Harwood explained the Safe & Secure Schools Grant in Senate Bill 125 at the April 8 board meeting. The budget allocates $1.5 million to purchase automated external defibrillators (AEDs) and training on AEDs and cardiopulmonary resuscitation (CPR); $1.25 million goes to public schools, and $250,000 is for private schools.

The $1.5 million is carved out of an inflationary increase to base state aid, and Harwood says the carveout will reduce state aid per student by about $2. Harwood said the $250,000 allocated to private schools is, therefore, part of state aid and a potential constitutional violation.

Dr. Frank Harwood, courtesy of KSDE

“Because most of the private schools are parochial may actually be a violation of the constitutiona because state aid can’t go to parochial schools, but this is specifically saying that we would send state aid to parochial schools.”
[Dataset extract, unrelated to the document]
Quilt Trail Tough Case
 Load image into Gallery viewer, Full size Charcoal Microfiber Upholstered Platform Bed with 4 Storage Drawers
The Kansas Constitution says no such thing, however. Art. 6, §6(b) says, “The legislature shall make suitable provision for finance of the educational interests of the state. No tuition shall be charged for attendance at any public school to pupils required by law to attend such school, except such fees or supplemental charges as may be authorized by law. The legislature may authorize the state board of regents to establish tuition, fees and charges at institutions under its supervision.”

“Educational interests” are not restricted to public schools. The only restriction is on charging tuition to attend public schools.

Attorney and former Speaker of the House Mike O’Neal explains further.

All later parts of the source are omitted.